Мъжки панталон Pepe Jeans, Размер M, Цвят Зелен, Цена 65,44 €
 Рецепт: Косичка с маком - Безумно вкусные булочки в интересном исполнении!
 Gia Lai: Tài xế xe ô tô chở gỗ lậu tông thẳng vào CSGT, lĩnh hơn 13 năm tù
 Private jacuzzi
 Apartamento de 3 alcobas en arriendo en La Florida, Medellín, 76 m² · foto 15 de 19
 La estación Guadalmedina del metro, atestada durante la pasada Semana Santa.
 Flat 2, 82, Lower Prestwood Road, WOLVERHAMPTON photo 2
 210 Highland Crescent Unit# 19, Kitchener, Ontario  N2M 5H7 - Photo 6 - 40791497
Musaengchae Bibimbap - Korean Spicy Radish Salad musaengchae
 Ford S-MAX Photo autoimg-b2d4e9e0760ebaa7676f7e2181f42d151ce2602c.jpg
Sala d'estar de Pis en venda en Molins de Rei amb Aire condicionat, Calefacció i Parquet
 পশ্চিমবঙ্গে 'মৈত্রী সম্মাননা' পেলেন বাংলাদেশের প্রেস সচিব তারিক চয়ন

· · · ·

▸ TASK TO COMPLETE: Retype all the material exactly as shown.

▸ EXPECTED ANSWER:
Мъжки панталон Pepe Jeans, Размер M, Цвят Зелен, Цена 65,44 €
 Рецепт: Косичка с маком - Безумно вкусные булочки в интересном исполнении!
 Gia Lai: Tài xế xe ô tô chở gỗ lậu tông thẳng vào CSGT, lĩnh hơn 13 năm tù
 Private jacuzzi
 Apartamento de 3 alcobas en arriendo en La Florida, Medellín, 76 m² · foto 15 de 19
 La estación Guadalmedina del metro, atestada durante la pasada Semana Santa.
 Flat 2, 82, Lower Prestwood Road, WOLVERHAMPTON photo 2
 210 Highland Crescent Unit# 19, Kitchener, Ontario  N2M 5H7 - Photo 6 - 40791497
Musaengchae Bibimbap - Korean Spicy Radish Salad musaengchae
 Ford S-MAX Photo autoimg-b2d4e9e0760ebaa7676f7e2181f42d151ce2602c.jpg
Sala d'estar de Pis en venda en Molins de Rei amb Aire condicionat, Calefacció i Parquet
 পশ্চিমবঙ্গে 'মৈত্রী সম্মাননা' পেলেন বাংলাদেশের প্রেস সচিব তারিক চয়ন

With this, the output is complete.